[Dataset excerpts]
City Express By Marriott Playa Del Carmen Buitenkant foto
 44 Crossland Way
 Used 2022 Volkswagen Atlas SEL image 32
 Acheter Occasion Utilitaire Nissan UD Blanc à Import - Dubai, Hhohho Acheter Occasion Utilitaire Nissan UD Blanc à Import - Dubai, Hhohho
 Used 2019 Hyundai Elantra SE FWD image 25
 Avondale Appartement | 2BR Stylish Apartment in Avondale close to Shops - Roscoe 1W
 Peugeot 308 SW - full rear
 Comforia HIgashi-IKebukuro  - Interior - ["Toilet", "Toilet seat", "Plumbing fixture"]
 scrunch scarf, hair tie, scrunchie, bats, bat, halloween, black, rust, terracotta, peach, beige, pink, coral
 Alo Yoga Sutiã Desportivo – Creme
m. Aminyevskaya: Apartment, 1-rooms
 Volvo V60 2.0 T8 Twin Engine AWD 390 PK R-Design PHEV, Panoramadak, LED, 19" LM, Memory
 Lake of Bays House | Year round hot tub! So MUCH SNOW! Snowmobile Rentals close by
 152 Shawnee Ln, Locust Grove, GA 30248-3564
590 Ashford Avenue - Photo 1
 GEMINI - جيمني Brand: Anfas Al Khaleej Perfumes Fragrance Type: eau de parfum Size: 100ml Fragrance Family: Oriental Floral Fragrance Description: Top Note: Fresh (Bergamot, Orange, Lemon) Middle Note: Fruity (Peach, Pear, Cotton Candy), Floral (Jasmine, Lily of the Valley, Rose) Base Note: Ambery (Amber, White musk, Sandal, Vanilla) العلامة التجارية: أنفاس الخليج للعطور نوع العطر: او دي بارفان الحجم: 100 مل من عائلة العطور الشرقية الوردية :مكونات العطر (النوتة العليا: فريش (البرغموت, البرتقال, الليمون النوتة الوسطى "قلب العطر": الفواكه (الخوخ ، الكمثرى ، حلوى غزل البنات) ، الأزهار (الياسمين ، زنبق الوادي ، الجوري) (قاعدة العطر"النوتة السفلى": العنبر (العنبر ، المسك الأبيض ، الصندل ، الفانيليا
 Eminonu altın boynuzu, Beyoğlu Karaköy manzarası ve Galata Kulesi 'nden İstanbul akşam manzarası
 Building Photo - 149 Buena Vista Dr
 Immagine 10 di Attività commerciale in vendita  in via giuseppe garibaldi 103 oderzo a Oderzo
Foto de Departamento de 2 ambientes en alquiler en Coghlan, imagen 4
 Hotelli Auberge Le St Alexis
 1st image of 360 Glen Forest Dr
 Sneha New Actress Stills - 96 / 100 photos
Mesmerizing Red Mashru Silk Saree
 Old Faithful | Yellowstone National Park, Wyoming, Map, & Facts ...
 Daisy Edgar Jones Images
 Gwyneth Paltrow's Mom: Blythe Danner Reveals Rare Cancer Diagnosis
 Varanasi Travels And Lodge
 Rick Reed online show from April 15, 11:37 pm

Task directions —
Out of the records, collect only those lines that contain the string "Used".

Final answer —
 Used 2022 Volkswagen Atlas SEL image 32
 Used 2019 Hyundai Elantra SE FWD image 25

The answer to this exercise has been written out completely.